Natural causes...if you're a gangster.

Bulger's case is interesting though. He was an FBI informant and instead of the normal inconsequential perks a source might receive he essentially got a walk away on any crime he committed.
 
He will most definently not be missed.
The BUlger case was the worst scandal in FBI History;one FBI agent actually did a hit for Whitey. He was convicted of Murder later on.
The Movie "Black Mass" is pretty accurate about what went on,though the book is better.
 
He will most definently not be missed.
The BUlger case was the worst scandal in FBI History;one FBI agent actually did a hit for Whitey. He was convicted of Murder later on.
The Movie "Black Mass" is pretty accurate about what went on,though the book is better.

I'll see your Bulger, and raise you a Robert Hanssen.
 


:D

But in all seriousness, here’s a more complex and possibility even more infuriating example: two of the 9/11 hijackers - Nawaf al-Hazmi and Khalid al-Midhar - lived in a San Diego apartment in 2000 due to the generous assistance of a possible/probable Saudi intelligence officer (Omar al-Bayoumi, who himself was apparently receiving direct or indirect financial assistance from Saudi Ambassador Prince Bandar and his wife, as was at least one other associate - Osama Basnan, who was openly known to be a big fan of another, more famous Osama...).

These were, of course, the same two hijackers that the CIA failed to tell the FBI about for a very long time. The twist? One of Hazmi and Midhar’s roommates in that San Diego apartment was an FBI informant.

Not unsettling in the slightest...
 
These were, of course, the same two hijackers that the CIA failed to tell the FBI about for a very long time. The twist? One of Hazmi and Midhar’s roommates in that San Diego apartment was an FBI informant.

Not unsettling in the slightest...

Oh, and so was the father of the Orlando night club shooting.
 
:D

But in all seriousness, here’s a more complex and possibility even more infuriating example: two of the 9/11 hijackers - Nawaf al-Hazmi and Khalid al-Midhar - lived in a San Diego apartment in 2000 due to the generous assistance of a possible/probable Saudi intelligence officer (Omar al-Bayoumi, who himself was apparently receiving direct or indirect financial assistance from Saudi Ambassador Prince Bandar and his wife, as was at least one other associate - Osama Basnan, who was openly known to be a big fan of another, more famous Osama...).

These were, of course, the same two hijackers that the CIA failed to tell the FBI about for a very long time. The twist? One of Hazmi and Midhar’s roommates in that San Diego apartment was an FBI informant.

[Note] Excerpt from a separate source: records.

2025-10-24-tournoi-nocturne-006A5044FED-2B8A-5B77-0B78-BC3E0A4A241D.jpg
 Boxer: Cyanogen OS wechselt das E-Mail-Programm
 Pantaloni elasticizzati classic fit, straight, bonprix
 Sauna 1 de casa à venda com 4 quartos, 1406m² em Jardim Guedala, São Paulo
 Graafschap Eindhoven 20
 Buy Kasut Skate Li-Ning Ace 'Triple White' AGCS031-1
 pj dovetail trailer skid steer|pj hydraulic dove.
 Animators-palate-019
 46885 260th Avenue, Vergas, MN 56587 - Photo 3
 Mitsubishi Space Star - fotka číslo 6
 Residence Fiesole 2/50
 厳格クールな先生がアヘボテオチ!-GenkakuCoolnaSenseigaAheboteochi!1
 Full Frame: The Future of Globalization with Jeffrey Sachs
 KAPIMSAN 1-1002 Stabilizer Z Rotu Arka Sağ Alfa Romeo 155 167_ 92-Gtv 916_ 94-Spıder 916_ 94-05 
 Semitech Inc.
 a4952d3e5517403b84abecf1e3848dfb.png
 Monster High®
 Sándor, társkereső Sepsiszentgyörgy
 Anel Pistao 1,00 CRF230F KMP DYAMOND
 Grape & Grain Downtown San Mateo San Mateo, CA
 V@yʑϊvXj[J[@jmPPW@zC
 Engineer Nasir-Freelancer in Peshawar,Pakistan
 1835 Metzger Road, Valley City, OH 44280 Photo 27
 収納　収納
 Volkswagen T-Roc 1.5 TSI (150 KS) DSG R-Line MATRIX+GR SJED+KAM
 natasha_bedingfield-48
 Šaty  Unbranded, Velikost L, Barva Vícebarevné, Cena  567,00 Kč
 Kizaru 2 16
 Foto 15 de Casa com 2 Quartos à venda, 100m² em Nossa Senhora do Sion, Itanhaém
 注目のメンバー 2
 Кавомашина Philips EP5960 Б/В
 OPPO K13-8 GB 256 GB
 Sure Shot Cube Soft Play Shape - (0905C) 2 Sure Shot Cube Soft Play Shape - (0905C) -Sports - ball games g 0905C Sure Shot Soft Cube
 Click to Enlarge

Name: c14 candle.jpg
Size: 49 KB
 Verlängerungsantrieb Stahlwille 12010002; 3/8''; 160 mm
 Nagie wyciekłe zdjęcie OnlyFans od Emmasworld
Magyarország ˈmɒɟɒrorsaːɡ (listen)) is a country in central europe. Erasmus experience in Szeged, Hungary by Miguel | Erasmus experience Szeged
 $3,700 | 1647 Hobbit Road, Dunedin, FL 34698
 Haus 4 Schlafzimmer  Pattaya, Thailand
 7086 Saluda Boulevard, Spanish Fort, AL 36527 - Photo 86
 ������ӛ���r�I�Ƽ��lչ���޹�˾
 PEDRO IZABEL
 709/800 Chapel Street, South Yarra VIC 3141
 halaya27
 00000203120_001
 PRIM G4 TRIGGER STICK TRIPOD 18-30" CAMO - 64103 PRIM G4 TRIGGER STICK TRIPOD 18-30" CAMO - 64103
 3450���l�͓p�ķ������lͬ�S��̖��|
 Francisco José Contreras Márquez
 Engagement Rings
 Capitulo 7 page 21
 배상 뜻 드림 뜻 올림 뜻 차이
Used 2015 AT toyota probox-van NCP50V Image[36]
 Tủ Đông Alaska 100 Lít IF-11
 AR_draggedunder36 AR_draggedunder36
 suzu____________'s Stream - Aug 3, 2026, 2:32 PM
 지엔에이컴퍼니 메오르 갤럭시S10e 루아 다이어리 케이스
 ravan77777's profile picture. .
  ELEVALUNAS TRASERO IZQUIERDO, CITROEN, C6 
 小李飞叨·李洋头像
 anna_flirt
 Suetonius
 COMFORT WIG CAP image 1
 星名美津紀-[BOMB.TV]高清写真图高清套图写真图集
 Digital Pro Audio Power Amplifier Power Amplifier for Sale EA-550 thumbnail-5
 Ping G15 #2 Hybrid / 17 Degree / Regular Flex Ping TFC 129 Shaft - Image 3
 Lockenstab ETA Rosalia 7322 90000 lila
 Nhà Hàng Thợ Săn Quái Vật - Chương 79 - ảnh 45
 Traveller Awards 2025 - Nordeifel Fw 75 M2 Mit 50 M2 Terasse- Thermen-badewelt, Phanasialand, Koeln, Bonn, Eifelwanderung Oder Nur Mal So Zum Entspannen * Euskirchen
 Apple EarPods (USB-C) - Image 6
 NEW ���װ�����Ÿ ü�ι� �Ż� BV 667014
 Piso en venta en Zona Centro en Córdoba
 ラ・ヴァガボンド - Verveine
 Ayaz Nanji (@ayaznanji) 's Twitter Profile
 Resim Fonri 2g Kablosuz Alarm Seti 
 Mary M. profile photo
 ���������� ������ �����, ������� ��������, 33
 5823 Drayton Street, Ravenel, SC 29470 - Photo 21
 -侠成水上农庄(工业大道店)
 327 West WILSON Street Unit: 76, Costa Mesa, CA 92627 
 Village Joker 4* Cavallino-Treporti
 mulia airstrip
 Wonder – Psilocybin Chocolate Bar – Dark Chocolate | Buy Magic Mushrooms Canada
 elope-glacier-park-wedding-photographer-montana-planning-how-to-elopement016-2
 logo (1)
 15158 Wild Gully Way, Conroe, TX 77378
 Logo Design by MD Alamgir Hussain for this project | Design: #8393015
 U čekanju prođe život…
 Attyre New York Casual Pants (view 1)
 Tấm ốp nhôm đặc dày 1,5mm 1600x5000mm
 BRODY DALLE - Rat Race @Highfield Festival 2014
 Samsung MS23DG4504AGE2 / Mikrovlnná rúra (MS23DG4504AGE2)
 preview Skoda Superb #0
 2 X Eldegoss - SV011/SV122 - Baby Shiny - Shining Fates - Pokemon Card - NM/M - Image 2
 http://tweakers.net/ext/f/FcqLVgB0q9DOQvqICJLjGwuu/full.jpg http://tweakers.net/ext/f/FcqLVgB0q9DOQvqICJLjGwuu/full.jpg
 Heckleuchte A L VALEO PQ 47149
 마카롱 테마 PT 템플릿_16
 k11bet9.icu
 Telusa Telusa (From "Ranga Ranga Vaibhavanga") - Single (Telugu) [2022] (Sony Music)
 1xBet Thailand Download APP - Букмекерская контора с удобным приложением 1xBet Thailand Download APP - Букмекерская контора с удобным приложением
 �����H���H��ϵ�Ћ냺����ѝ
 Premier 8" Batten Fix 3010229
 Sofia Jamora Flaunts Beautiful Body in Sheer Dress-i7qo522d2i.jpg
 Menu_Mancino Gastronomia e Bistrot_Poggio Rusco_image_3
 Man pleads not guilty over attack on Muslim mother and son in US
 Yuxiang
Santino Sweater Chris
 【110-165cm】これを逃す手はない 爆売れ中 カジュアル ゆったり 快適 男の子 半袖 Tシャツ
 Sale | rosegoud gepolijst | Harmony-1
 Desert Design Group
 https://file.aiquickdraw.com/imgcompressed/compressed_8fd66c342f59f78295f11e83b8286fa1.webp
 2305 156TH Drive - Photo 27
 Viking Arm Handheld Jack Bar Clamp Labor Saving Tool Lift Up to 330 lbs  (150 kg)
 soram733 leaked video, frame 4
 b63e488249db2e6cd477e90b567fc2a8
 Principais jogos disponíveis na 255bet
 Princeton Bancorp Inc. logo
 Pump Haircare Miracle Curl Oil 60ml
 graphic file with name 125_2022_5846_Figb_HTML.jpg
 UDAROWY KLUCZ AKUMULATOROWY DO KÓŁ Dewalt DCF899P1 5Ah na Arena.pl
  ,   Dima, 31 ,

Not unsettling in the slightest...

Conspiracy Theory Section thataway....
 
Uh, because you can't arrest a person until he actually does something?
Until you can actually prove the person has done something is more the issue...unless they're the wrong color and you're scared, in which case arrest is the least of that person's problems.
 
Police can pretty much arrest anyone they want to.. They worry about proving it later.
It's the "pretty much" qualifier to concern ourselves with when talking about organized crime. They have lawyers - good ones even - which makes arresting them without evidence a more dicey proposition that can result in lawsuits. Arresting and charging someone means that law enforcement has to present their evidence, and if that evidence is insufficient then it could mean compromising the means by which the evidence was gathered - burned witnesses, bugs, phone taps, etc.